Performs a cross-validated ANOVA (CV-ANOVA) test for OPLS models. The function compares residuals from a null model and a model using cross-validated predictive scores to assess the significance of the OPLS model.
Value
A data.frame
containing:
SS
- Sum of SquaresDF
- Degrees of FreedomMS
- Mean SquaresF_value
- F statisticp_value
- P-value from the F-test
Details
CV-ANOVA formally compares the fit of two linear models using the size of their residuals. The null model regresses the response on an intercept only: $$Y_i = \beta_0 + \epsilon_i$$ The full model includes the cross-validated predictive scores: $$Y_i = \beta_0 + \beta_1 t_{\text{pred},i} + \epsilon_i$$ Here, \(Y_i\) is the response for observation \(i\), \(t_{\text{pred},i}\) the cross-validated predictive score, and \(\epsilon_i\) are residuals. The residual sums of squares (SS) and degrees of freedom (DF) from both models are used to calculate an F-statistic and associated p-value to assess if the OPLS model significantly improves the fit.

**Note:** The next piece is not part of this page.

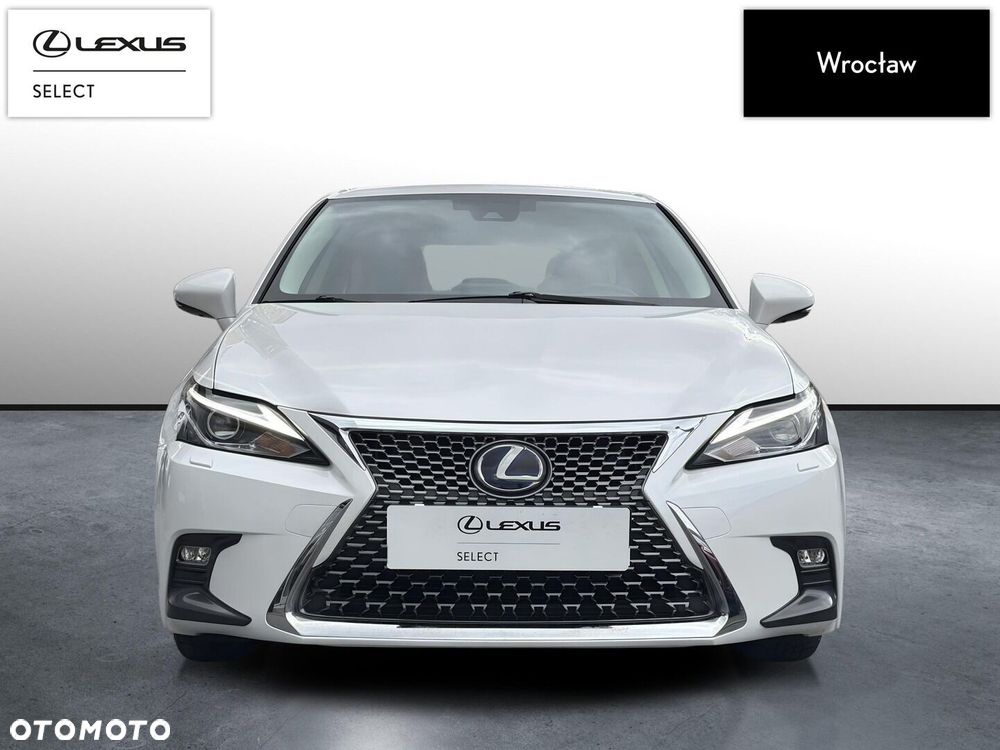 Lexus CT 200h Elegance EU6 - 9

Please note: larger sample sizes increase the power to detect true effects. With few samples, even strong models may not reach statistical significance.
References
Eriksson, L., et al. (2008). CV-ANOVA for significance testing of PLS and OPLS models. Journal of Chemometrics, 22(11-12), 594–600.
See also
Other NMR:
alignSegment()
,
binning()
,
get_idx()
,
lw()
,
matspec()
,
noise.est()
,
normErectic()
,
read1d()
,
read1d_raw()
,
stocsy1d_metabom8-class
,
storm()
Examples
data("covid")
X <- covid$X
an <- covid$an
mod <- opls(X, an$type)
#> Performing discriminant analysis.
#> Reducing k to 5 due to small group size (min n = 5).

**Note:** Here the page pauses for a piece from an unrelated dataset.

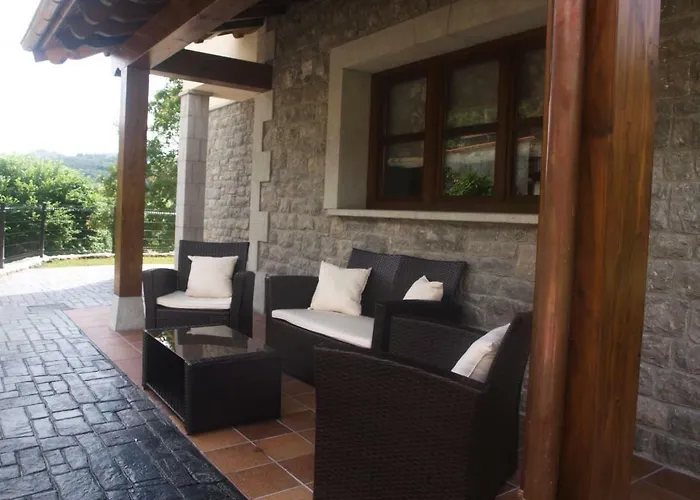 Casa El Caleru Сasa de vacaciones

#> An O-PLS-DA model with 1 predictive and 1 orthogonal components was fitted.
cvanova(mod)
#> SS DF MS F_value p_value
#> Total corrected 9.000000e+00 9 1.000000e+00 NA <NA>
#> Regression 3.609325e+00 4 9.023312e-01 NA <NA>
#> Residual 5.390675e+00 5 1.078135e+00 NA <NA>
#> RESULT <NA> NA <NA> 0.836937 5.560243e-01
# Internally, two linear models are fitted:
# Null model: lm(Y ~ 1)
# Full model: lm(Y ~ 1 + t_pred_cv)
#
# where Y is the response variable and t_pred_cv the cross-validated predictive scores.